WHAT YOU HAVE TO DO: Please repeat, exactly as written, the line containing "Example of the" and every line after it through the end of the records below, leaving out any pictures.

EXERCISE DATA:

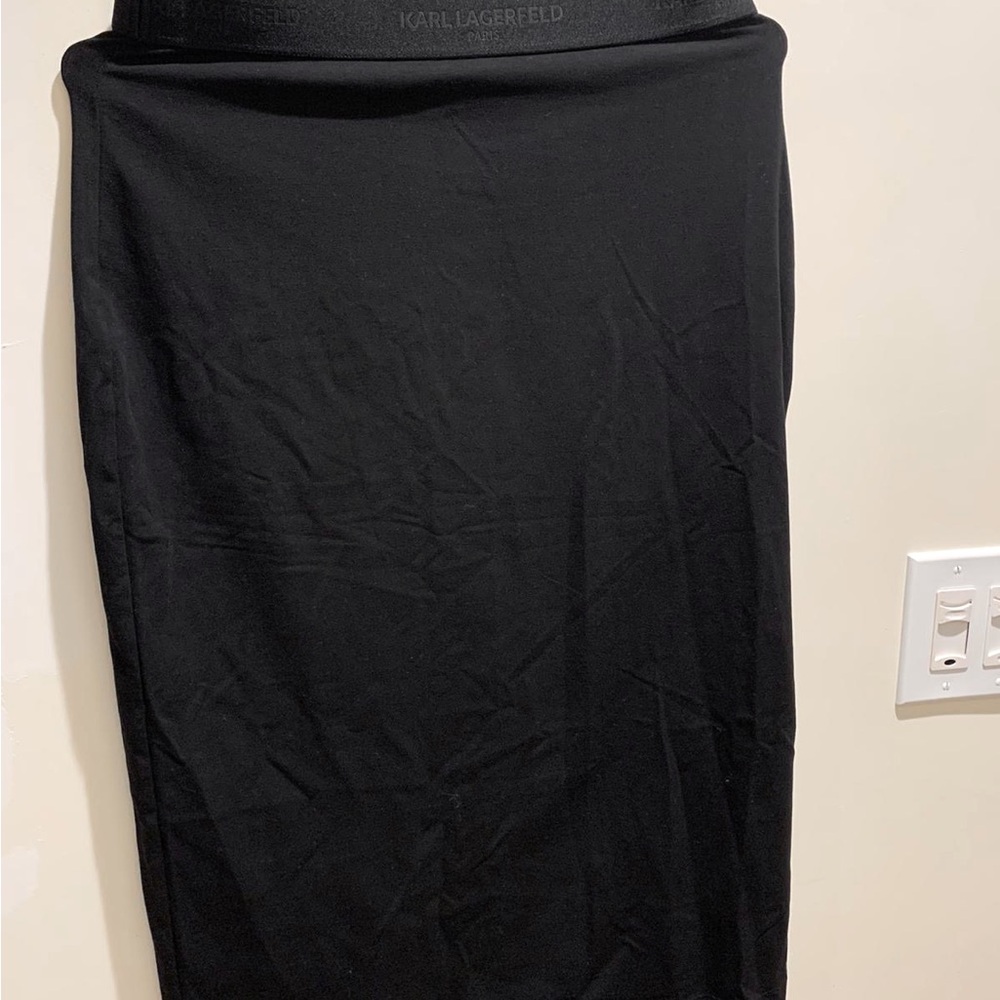 Brand New Karl Lagerfeld Skirt, Size S, Black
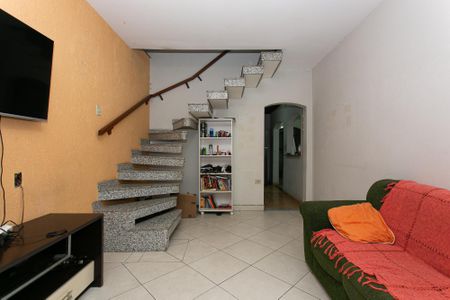 Sala de casa à venda com 4 quartos, 90m² em Vila Carrão, São Paulo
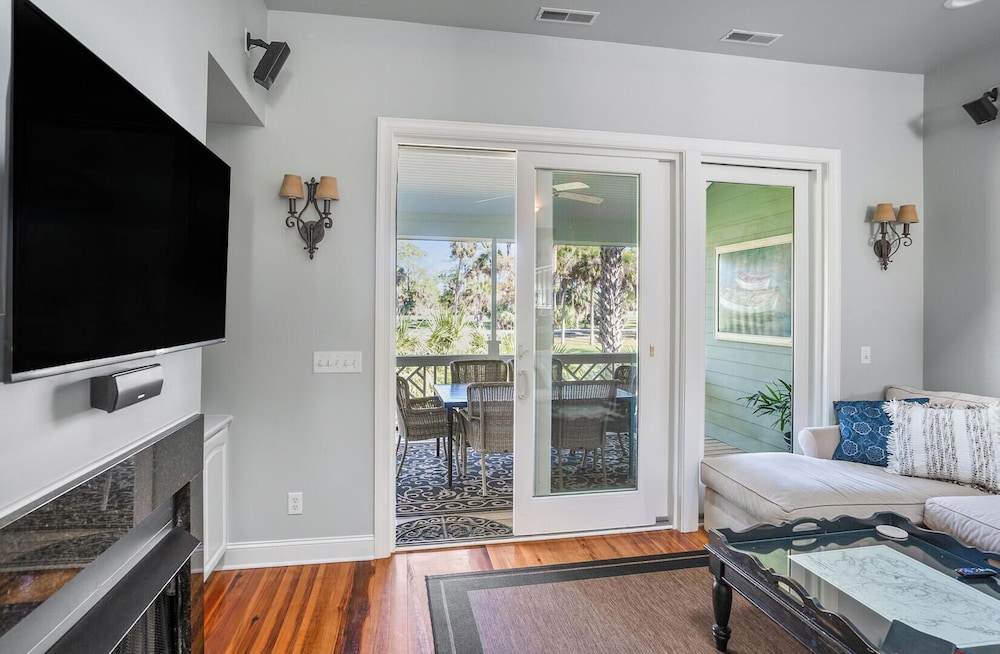 Tasteful 2 Story 4 Bedroom, 4 Bath Home! New on Rental Program, Sleeps 12!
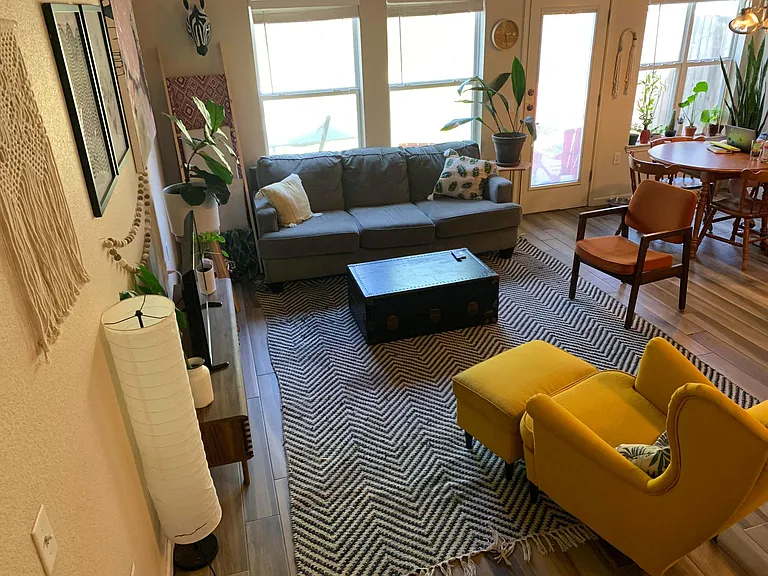 Example of the space furnished (previous tenant).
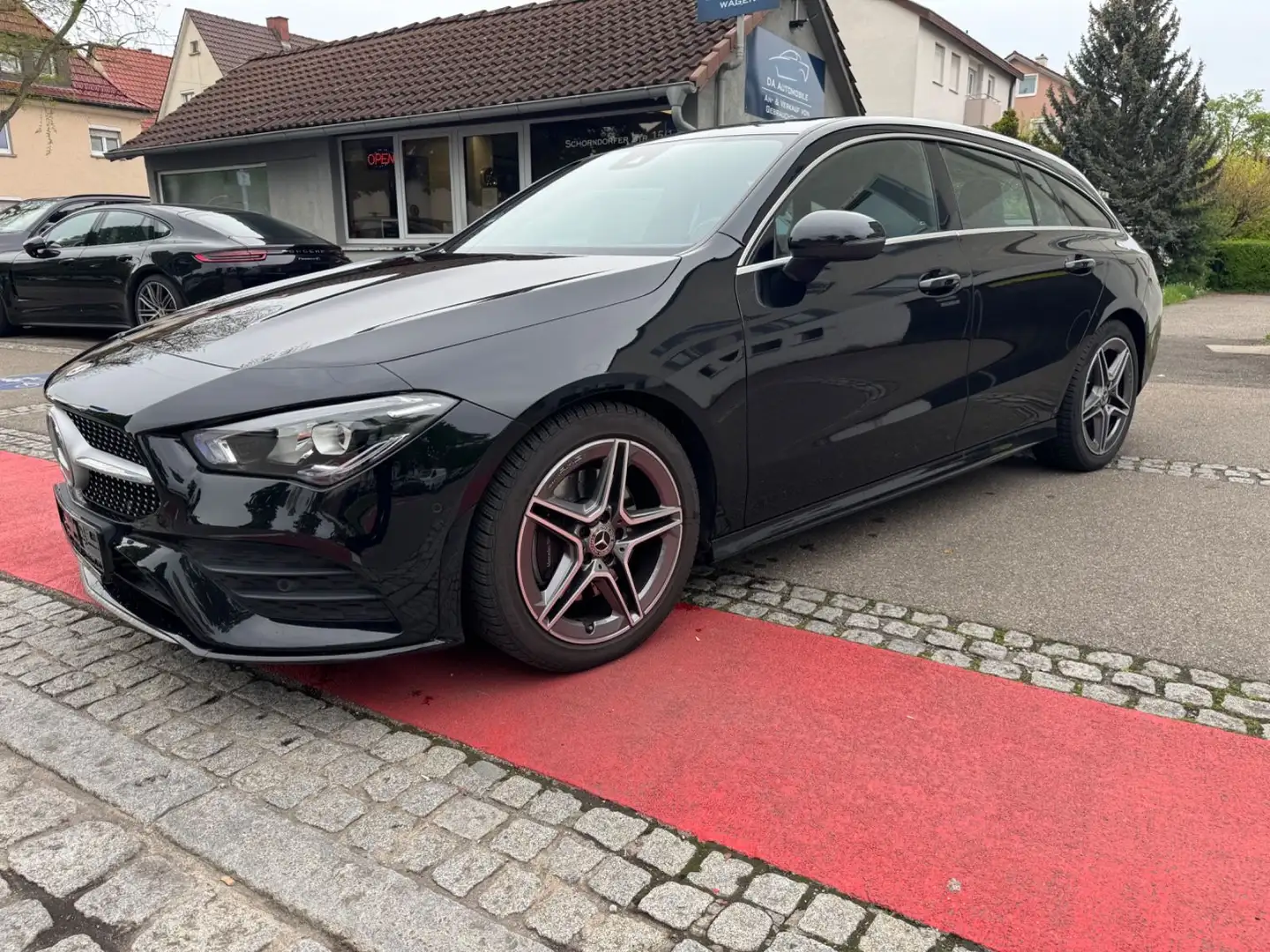 Mercedes-Benz CLA 200 SBrake AMG Line/Pano./LED/ACC/MBUX Schwarz - 1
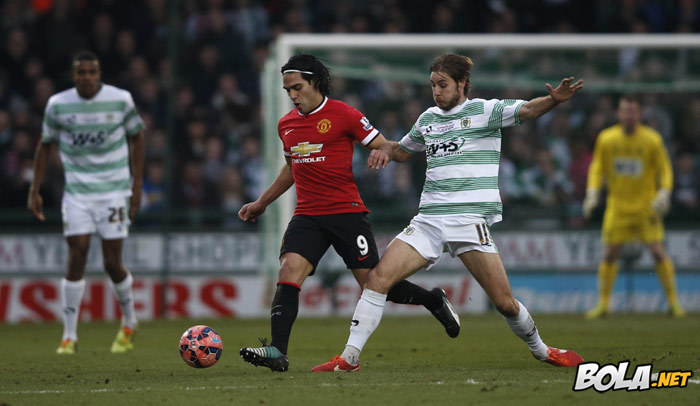 Herrera dan Di Maria Cetak Gol, United Lolos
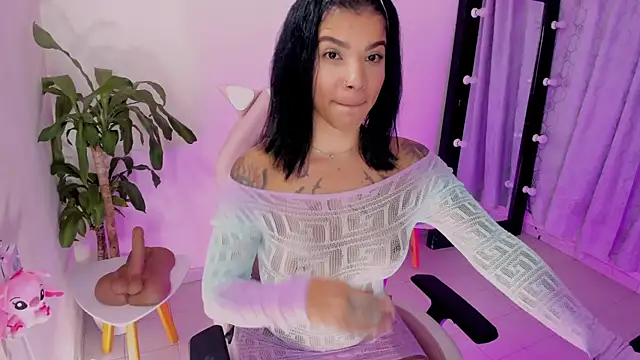 EmmaRusellx online show from 27, 4, 2026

RESPONSE:
 Example of the space furnished (previous tenant).
 Mercedes-Benz CLA 200 SBrake AMG Line/Pano./LED/ACC/MBUX Schwarz - 1
 Herrera dan Di Maria Cetak Gol, United Lolos
 EmmaRusellx online show from 27, 4, 2026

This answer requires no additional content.